Work task. Transcribe the entries below exactly, starting with the line that has "OYO 24171 Hotel" and stopping after the line that has "Room 8 of 33"; no pictures belong in the copy.

Data records.
++++

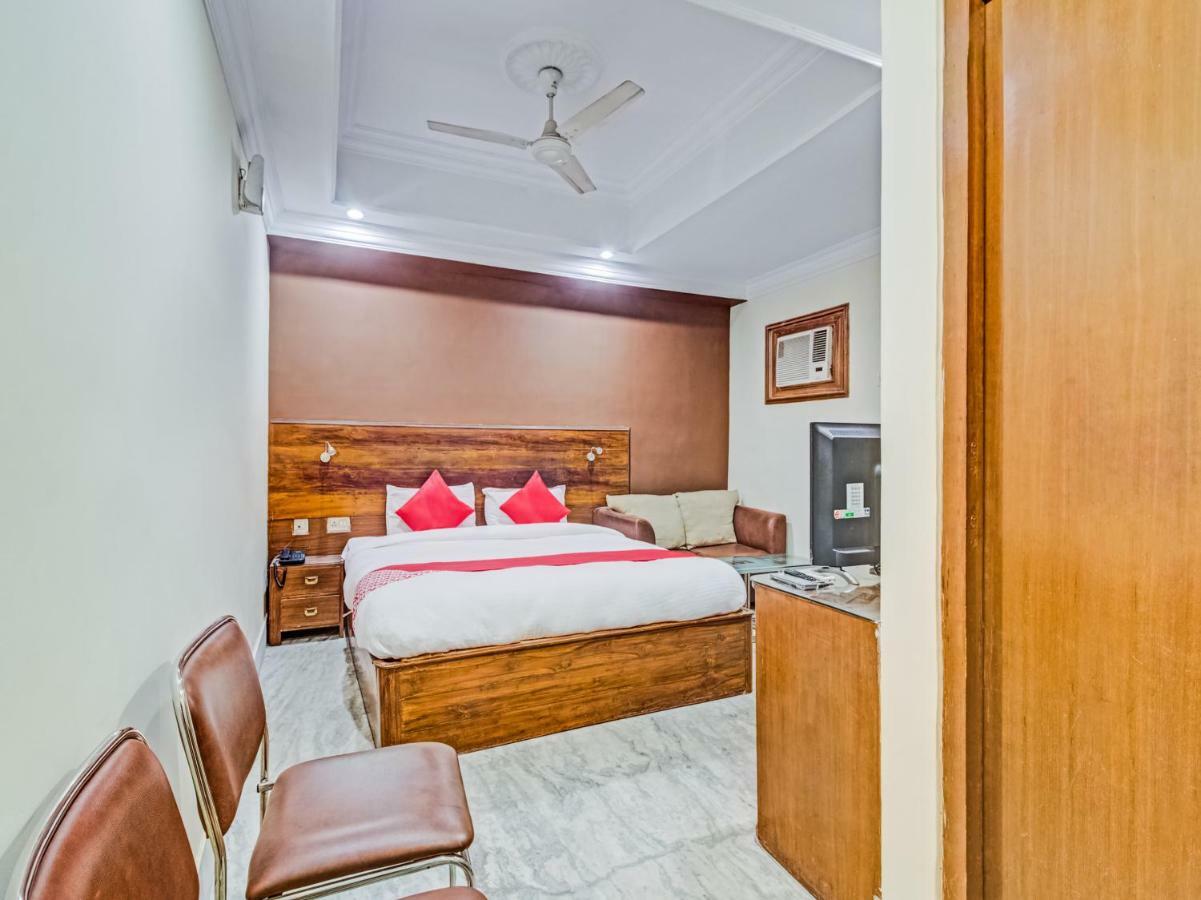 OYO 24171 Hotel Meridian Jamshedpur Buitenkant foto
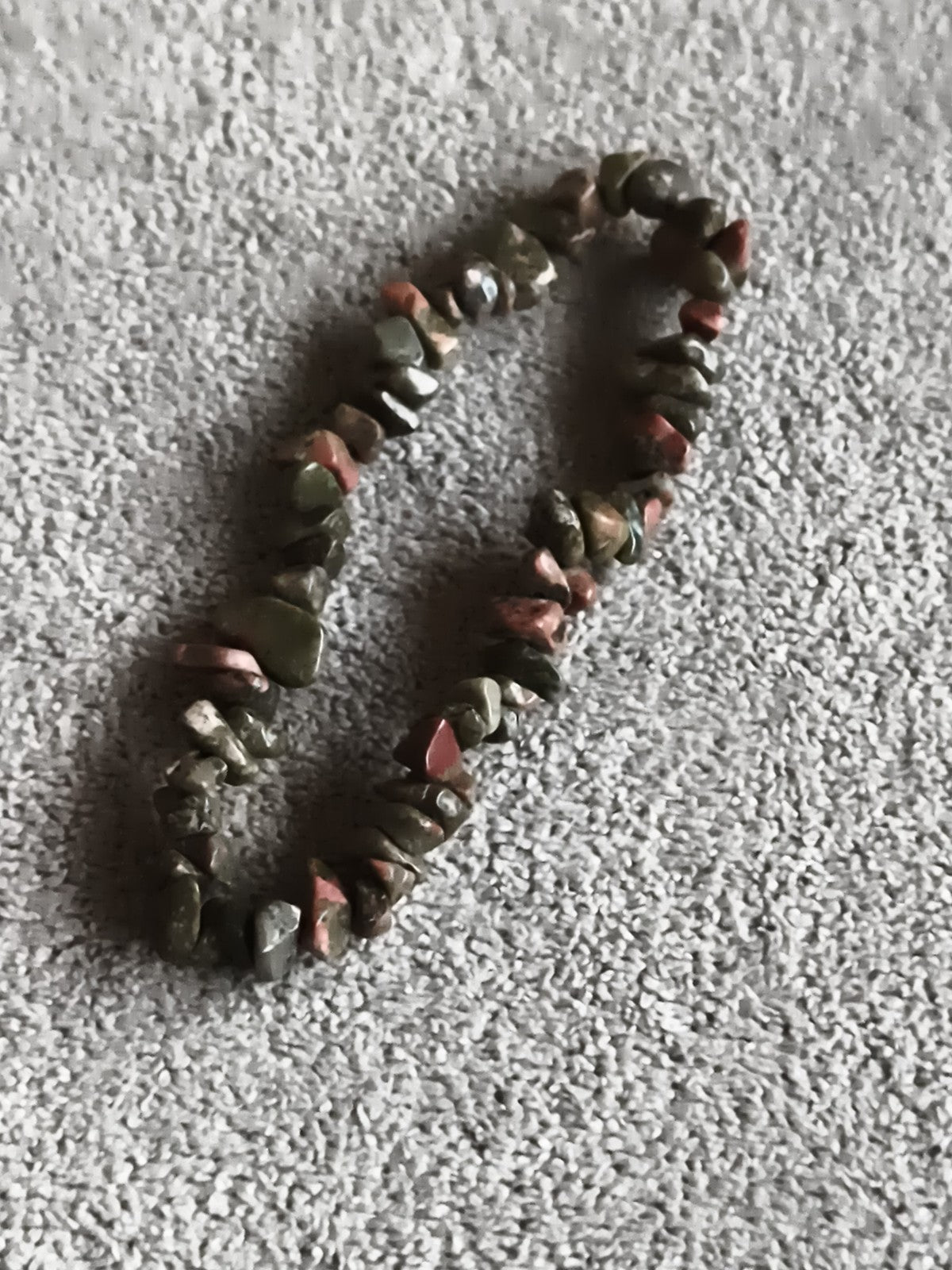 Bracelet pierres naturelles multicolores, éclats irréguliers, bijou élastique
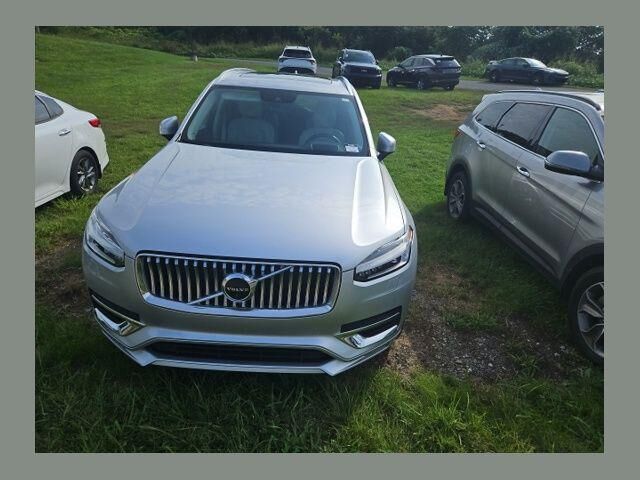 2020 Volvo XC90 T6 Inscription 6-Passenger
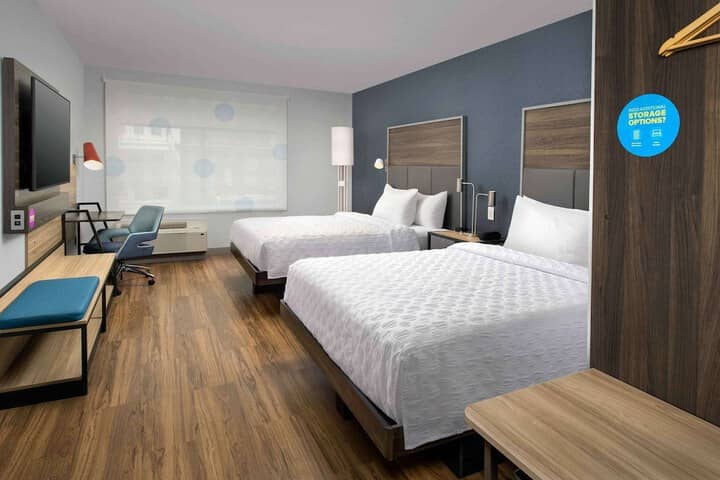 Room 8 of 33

++++

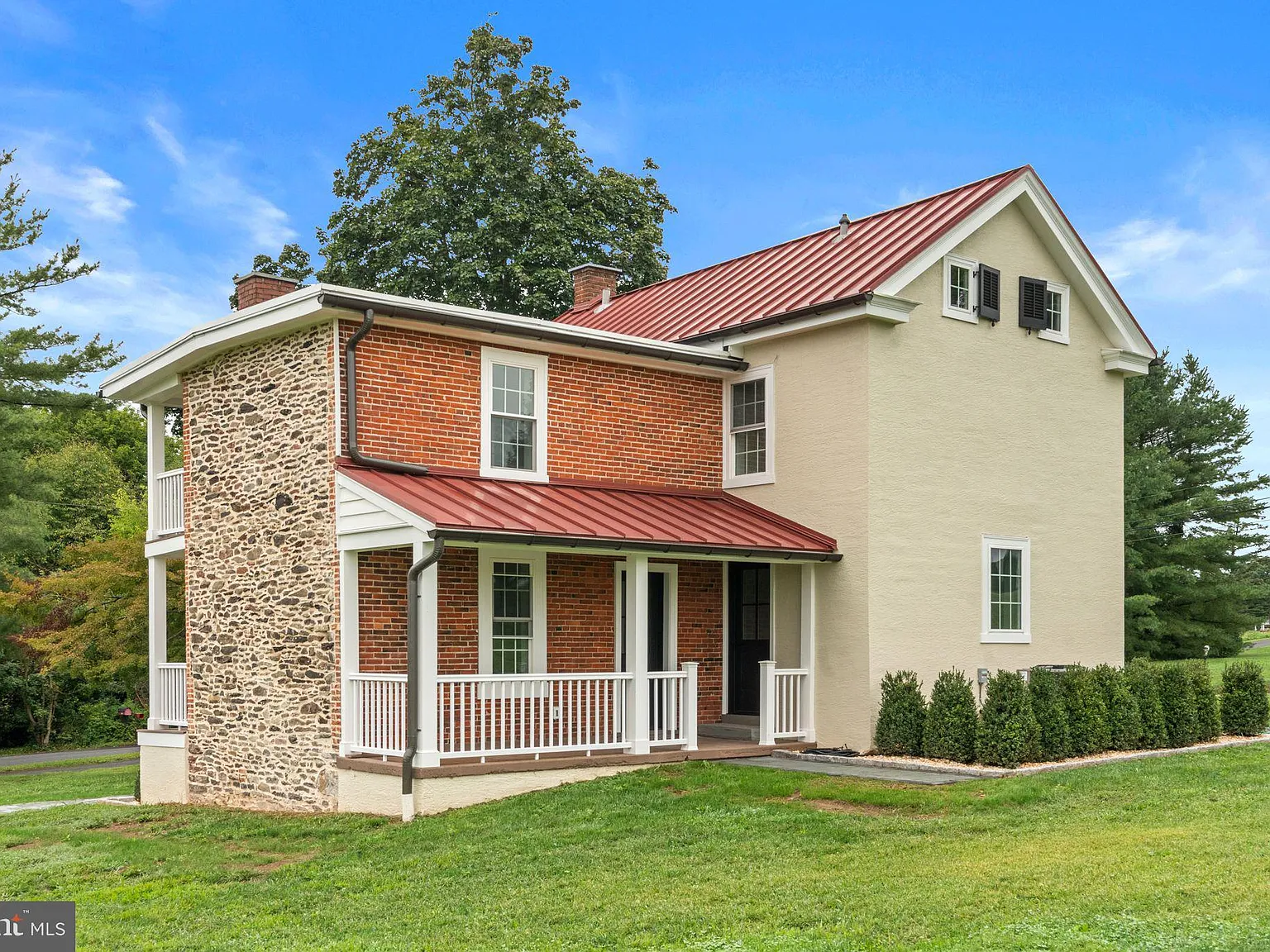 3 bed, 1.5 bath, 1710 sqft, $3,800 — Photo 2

++++

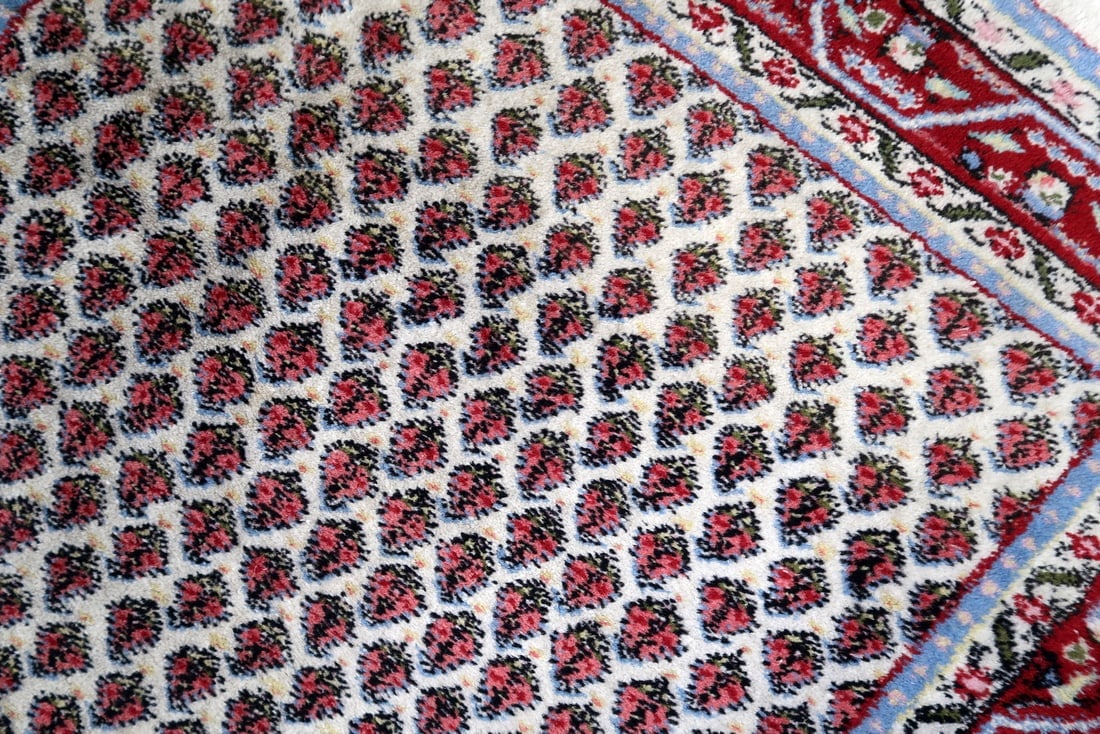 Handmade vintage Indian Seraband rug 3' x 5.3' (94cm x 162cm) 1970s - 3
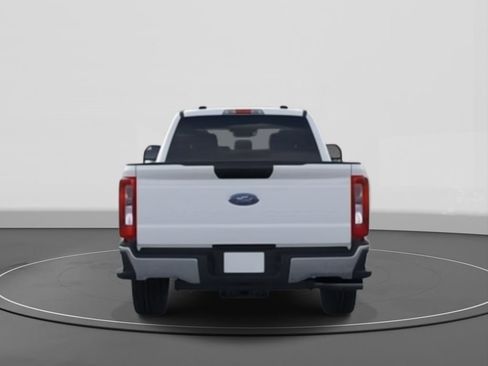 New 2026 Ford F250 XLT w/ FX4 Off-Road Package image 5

++++

Task solution.
 OYO 24171 Hotel Meridian Jamshedpur Buitenkant foto
 Bracelet pierres naturelles multicolores, éclats irréguliers, bijou élastique
 2020 Volvo XC90 T6 Inscription 6-Passenger
 Room 8 of 33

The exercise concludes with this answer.